**Exercise requirements**
What is wanted is the full listing, word for word, without its pictures.

*** Block opens ***

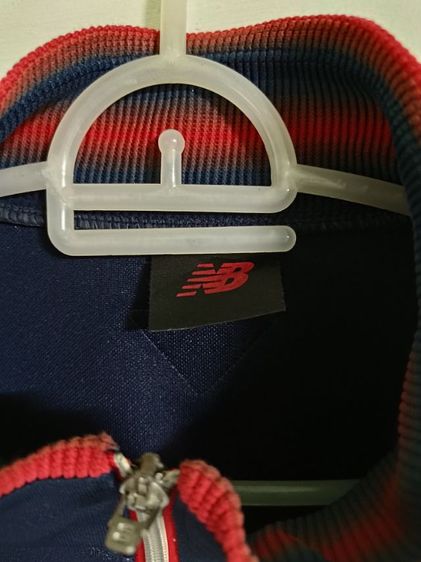 เสื้อวอร์ม New Balance รูปที่ 4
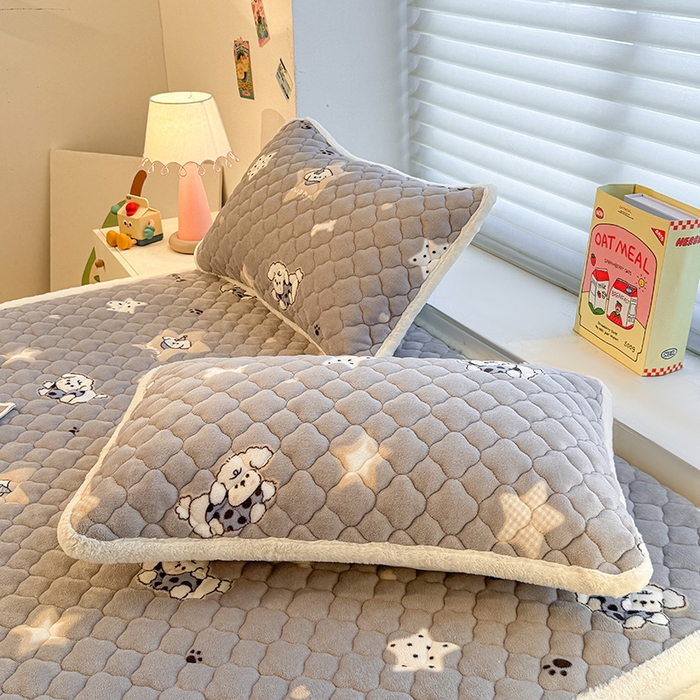 91家纺网 家纺一手货源 找家纺 喜居 2025新款高克重印花牛奶绒夹棉床褥床垫子褥子床护垫 星际小狗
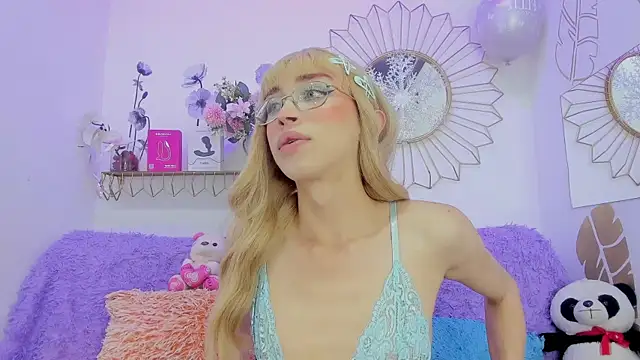 Ariadna Evangeline online show from 07-18-26, 05:44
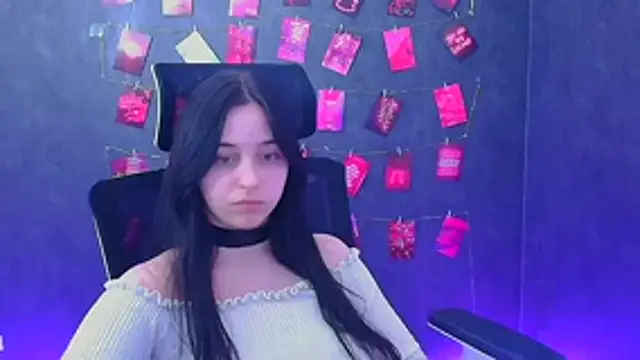 Snapshot of Lilu_May chatting on 04/04/26, 12:20 Lilu May online show from 04/04/26, 12:20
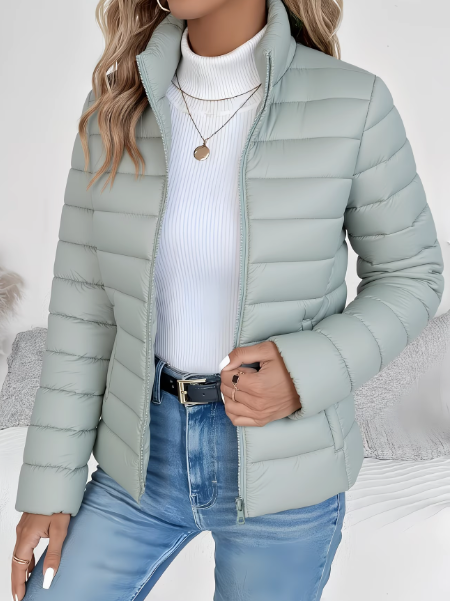 Giacchetto donna leggero e versatile, ideale per outfit quotidiani primaverili.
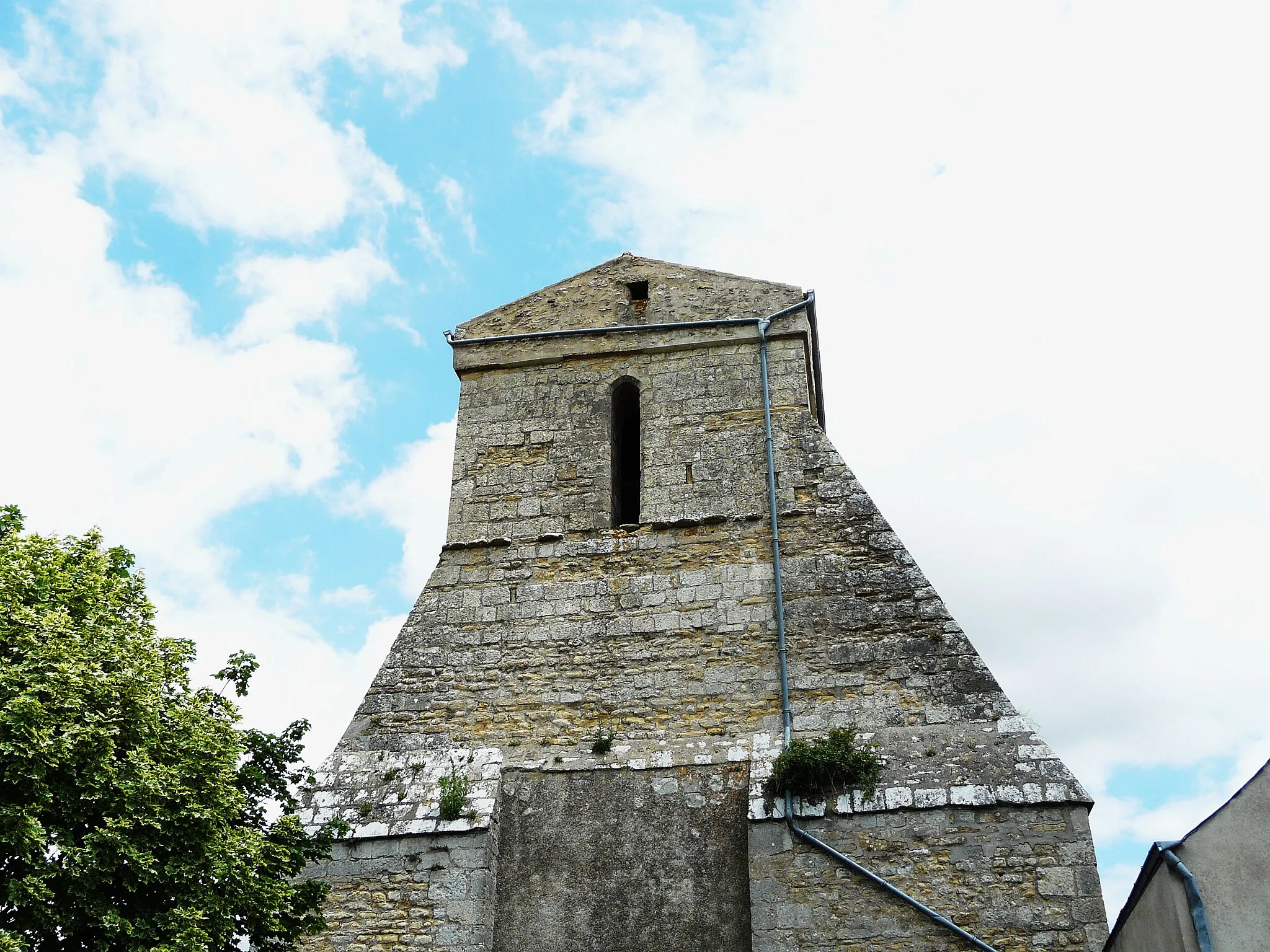 Photo showing: Clocher de l'église d'Irais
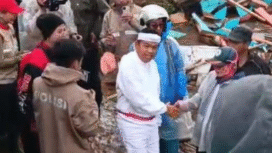 Gubernur Jawa Barat, Dedi Mulyadi , Sabtu, mendatangi lokasi bencana longsor di Cisaruan, lereng Gunung Burangrang. Ia membagikan 1000 nasi kota, serta memerintakan Sekda Jabar memberi santunan Rp 10 juta/ korban. Foto Video/KDM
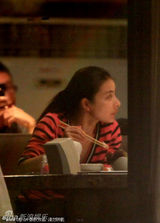 组图：郭晶晶京城素颜聚餐体贴照顾亲友子女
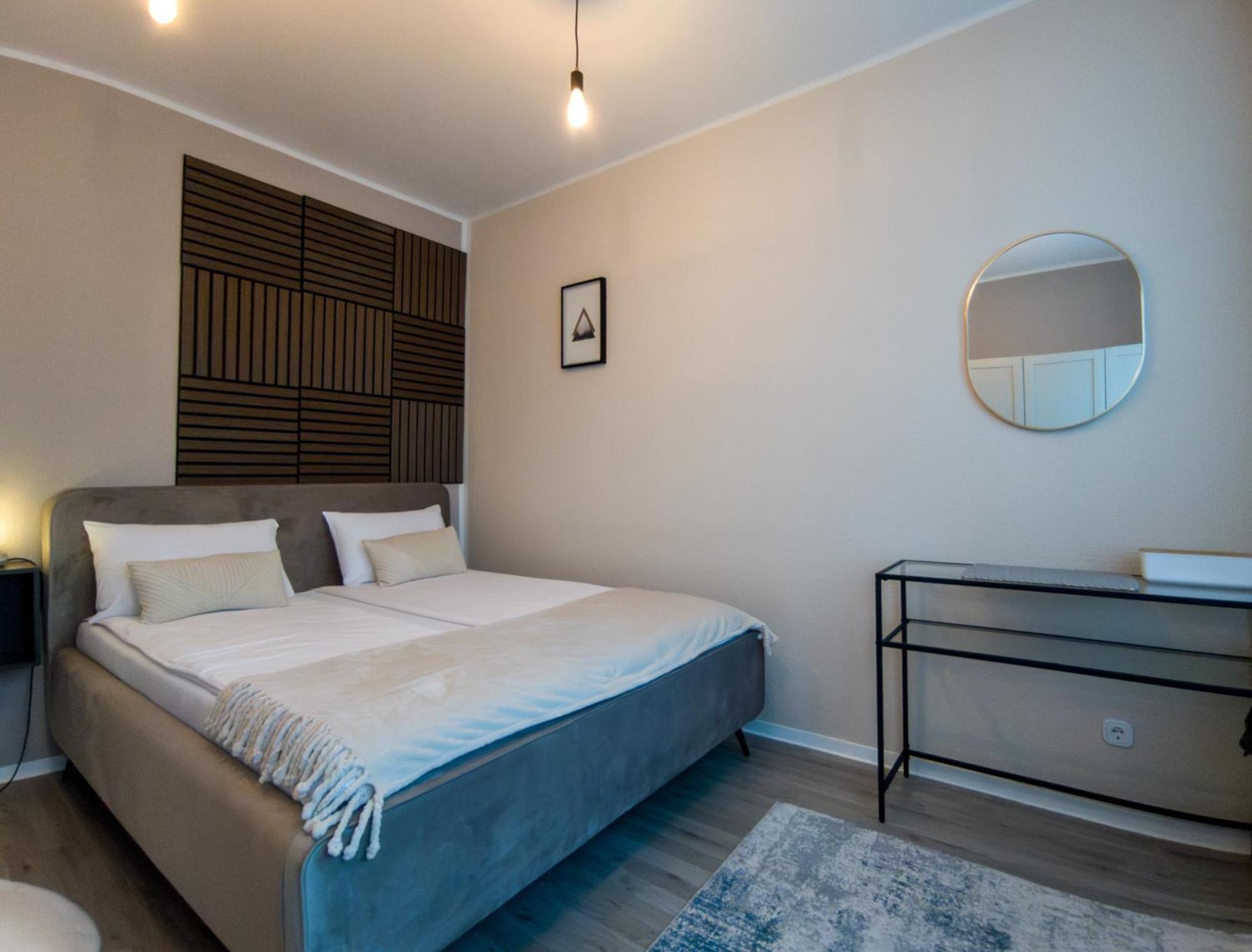 Queens Peak Apartments โคโลญ ภายนอก รูปภาพ
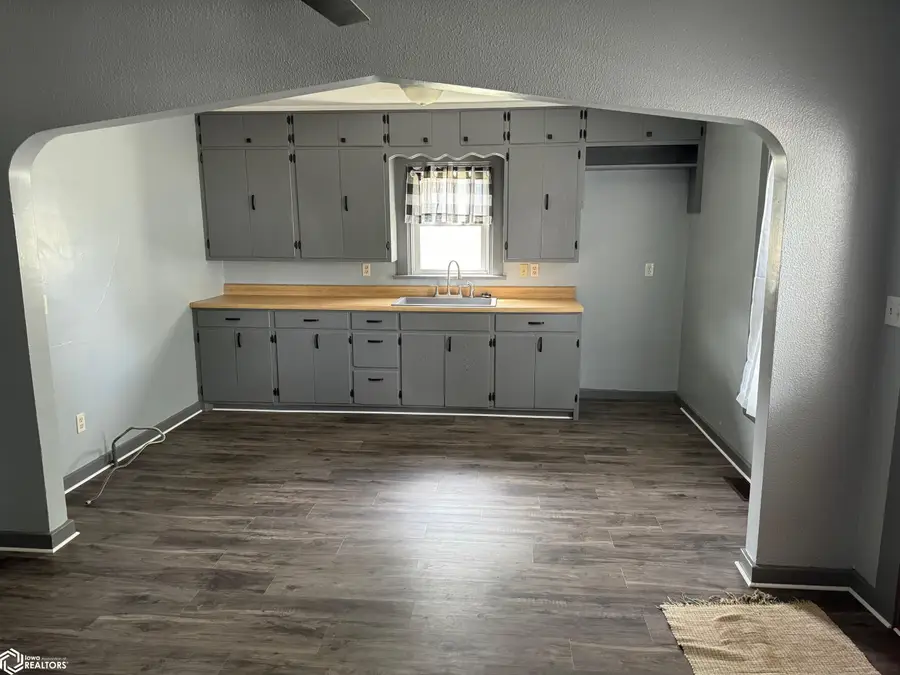 517 7th Street, Whittemore, IA 50598 - Image #2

*** Block closes ***

**Task response**
 เสื้อวอร์ม New Balance รูปที่ 4
 91家纺网 家纺一手货源 找家纺 喜居 2025新款高克重印花牛奶绒夹棉床褥床垫子褥子床护垫 星际小狗
 Ariadna Evangeline online show from 07-18-26, 05:44
 Snapshot of Lilu_May chatting on 04/04/26, 12:20 Lilu May online show from 04/04/26, 12:20
 Giacchetto donna leggero e versatile, ideale per outfit quotidiani primaverili.
 Photo showing: Clocher de l'église d'Irais
 Gubernur Jawa Barat, Dedi Mulyadi , Sabtu, mendatangi lokasi bencana longsor di Cisaruan, lereng Gunung Burangrang. Ia membagikan 1000 nasi kota, serta memerintakan Sekda Jabar memberi santunan Rp 10 juta/ korban. Foto Video/KDM
 组图：郭晶晶京城素颜聚餐体贴照顾亲友子女
 Queens Peak Apartments โคโลญ ภายนอก รูปภาพ
 517 7th Street, Whittemore, IA 50598 - Image #2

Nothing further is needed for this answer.